TRACY — Growing up on the family ranch here, Rep. Richard W. Pombo (R-Tracy) says, he learned that "you have to work till you're done. There's nobody else to pick up the slack."
It's a lesson he carried from the fields of the northern San Joaquin Valley to the committee rooms of Congress, where for more than a decade he has doggedly labored to undo one of America's signature environmental laws, the Endangered Species Act.
After finally getting a bill through the House last fall that would eliminate habitat protections on more than 150 million acres, Pombo has never been closer to reaching his goal. But as the Senate prepares to take up his measure this year, Pombo finds himself on the defensive, with his ideology increasingly viewed as extreme and his connections to industry and to disgraced lobbyist Jack Abramoff under scrutiny.

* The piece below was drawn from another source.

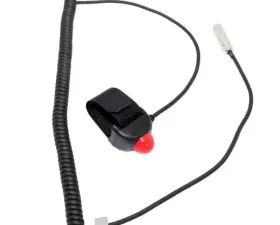 PCI Race Radios Push-To-Talk (PTT) Male Pins for Comlink 10 or Harness Velcro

A seven-term Republican and chairman of the influential House Resources Committee, Pombo is a tax-cutting, anti-abortion, anti-gun-control conservative. But it is the 33-year-old species law that has been his political obsession. He has argued that it puts "endangered flies, beetles, rats and shellfish" before people. He has exaggerated the law's impact on his own land.
Besides curbing protections, his bill would require the federal government to pay owners for any restrictions on the use of their property.
"It took me 13 years to get to that point," Pombo said recently, sitting in the backroom of a Tracy restaurant, where burlap seed bags decorated the clapboard walls and old farmers swapped jokes over afternoon coffee.
Now though, instead of focusing on carrying his win to the Senate, he finds himself facing questions about his efforts on behalf of Abramoff clients. And a series of legislative maneuvers late last year called attention to what critics say is his record of pushing proposals that benefit his primary campaign contributors: agribusiness, the oil and gas industry, builders, utilities and mining.
In November, Pombo tacked onto a budget bill provisions to open the Arctic National Wildlife Refuge to oil drilling and expand oil and gas drilling off the nation's coastlines, including California's. Another rider would have reversed a long-standing moratorium on selling federal mineral lands to mining companies and opened up public lands to private development. And budget language drafted by Pombo's staff -- but never introduced -- would have sold 15 national parks to raise federal revenue.